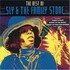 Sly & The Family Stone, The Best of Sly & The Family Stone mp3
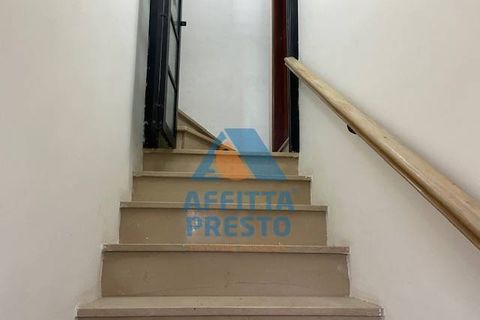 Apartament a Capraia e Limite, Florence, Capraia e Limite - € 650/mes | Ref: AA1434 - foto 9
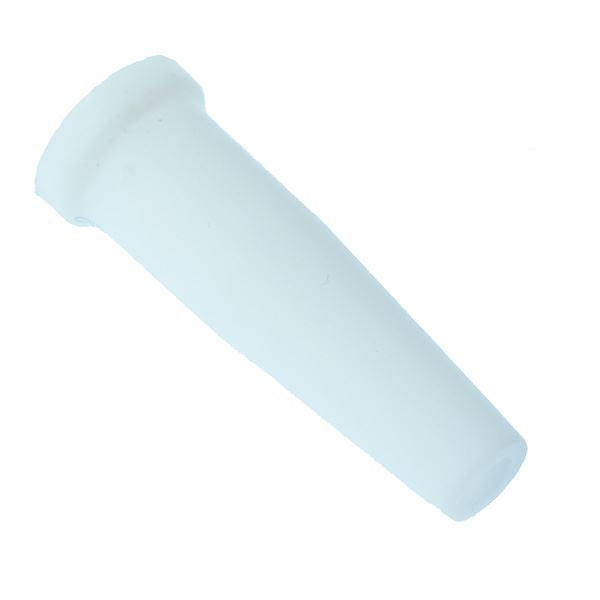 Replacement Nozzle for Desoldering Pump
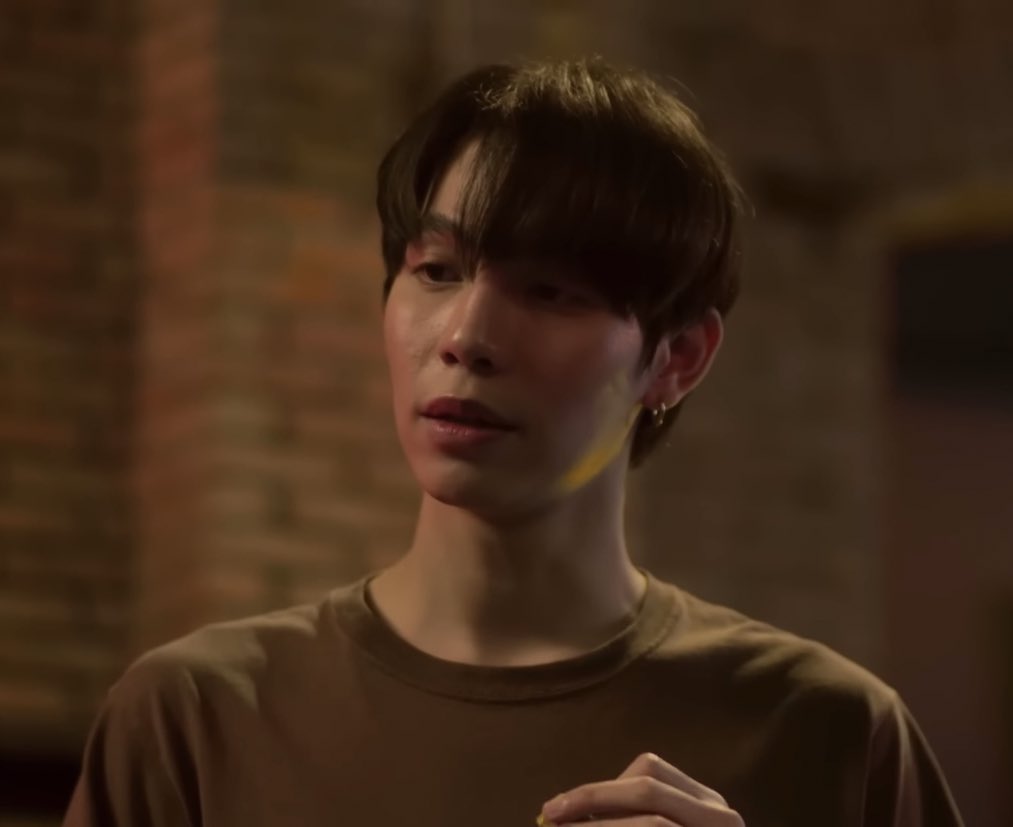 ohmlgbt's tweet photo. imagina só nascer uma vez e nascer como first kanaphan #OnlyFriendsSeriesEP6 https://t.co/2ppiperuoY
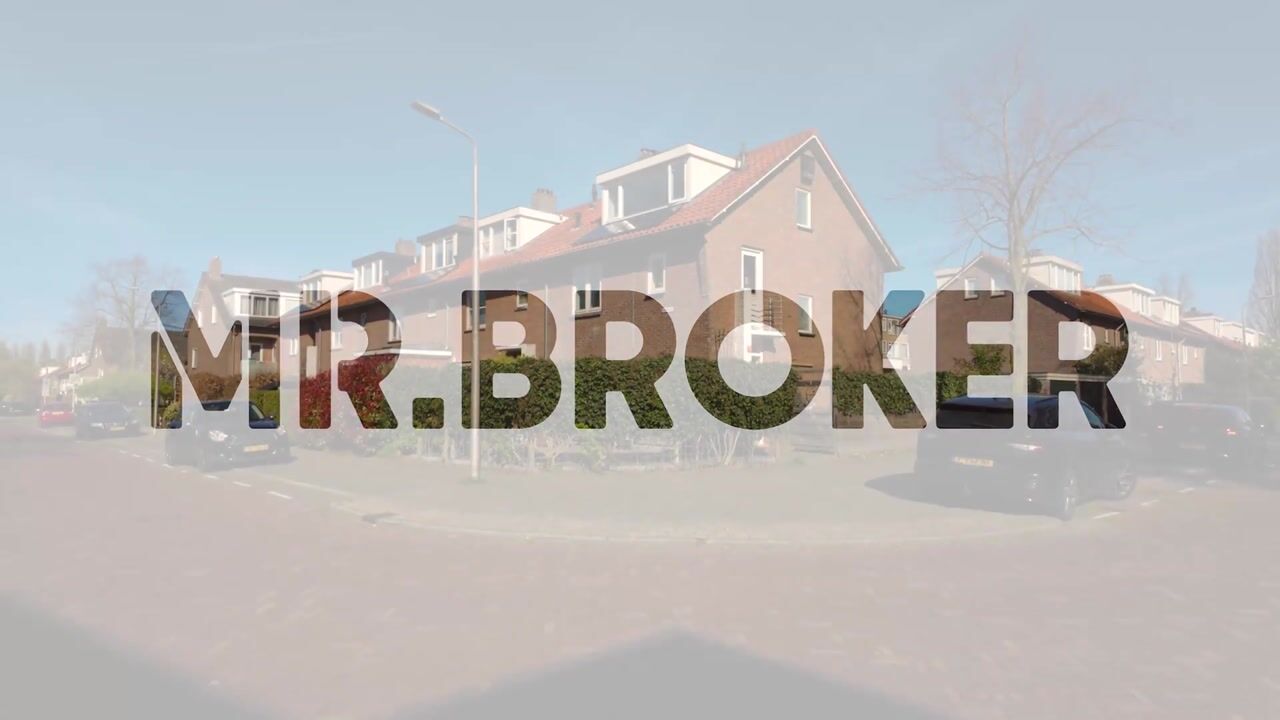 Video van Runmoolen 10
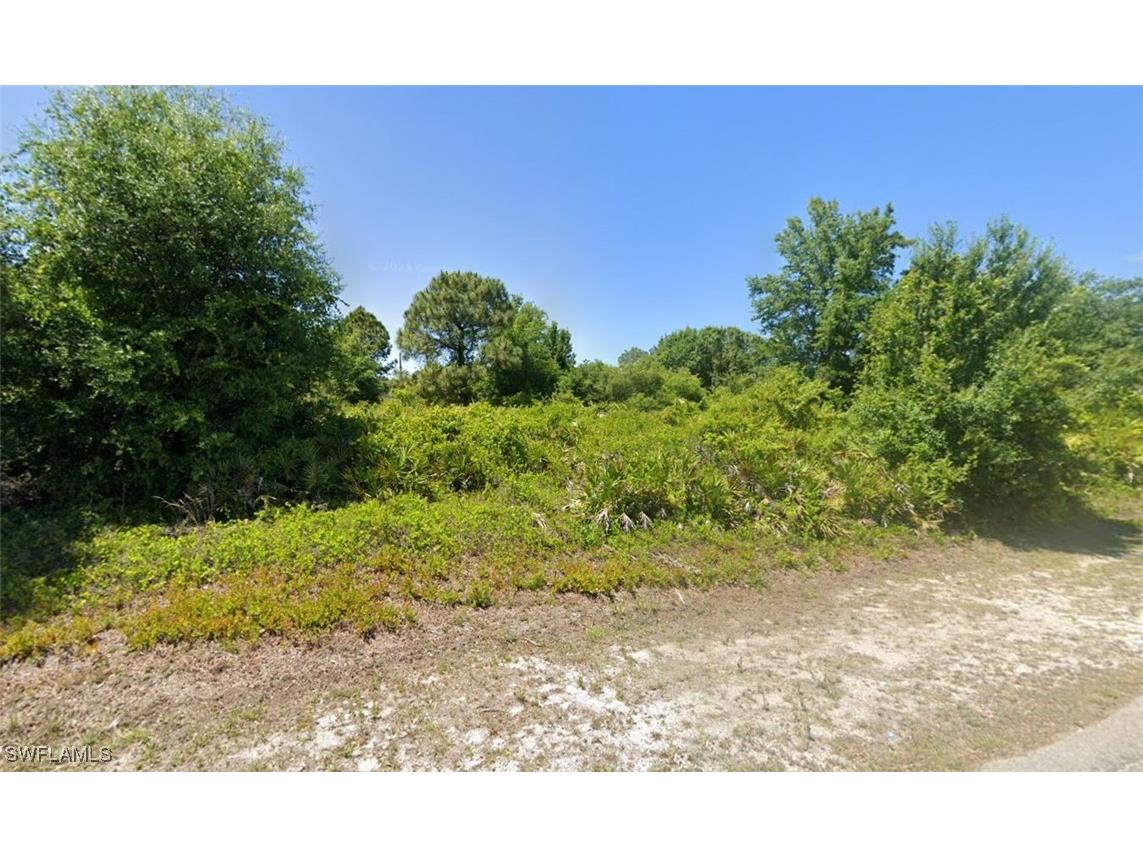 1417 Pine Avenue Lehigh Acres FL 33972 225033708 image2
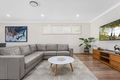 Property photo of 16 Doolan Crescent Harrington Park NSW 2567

══════════════════════════════

TASK TO COMPLETE:
Restate each entry exactly, omitting pictures.

SOLUTION:
 Sly & The Family Stone, The Best of Sly & The Family Stone mp3
 Apartament a Capraia e Limite, Florence, Capraia e Limite - € 650/mes | Ref: AA1434 - foto 9
 Replacement Nozzle for Desoldering Pump
 ohmlgbt's tweet photo. imagina só nascer uma vez e nascer como first kanaphan #OnlyFriendsSeriesEP6 https://t.co/2ppiperuoY
 Video van Runmoolen 10
 1417 Pine Avenue Lehigh Acres FL 33972 225033708 image2
 Property photo of 16 Doolan Crescent Harrington Park NSW 2567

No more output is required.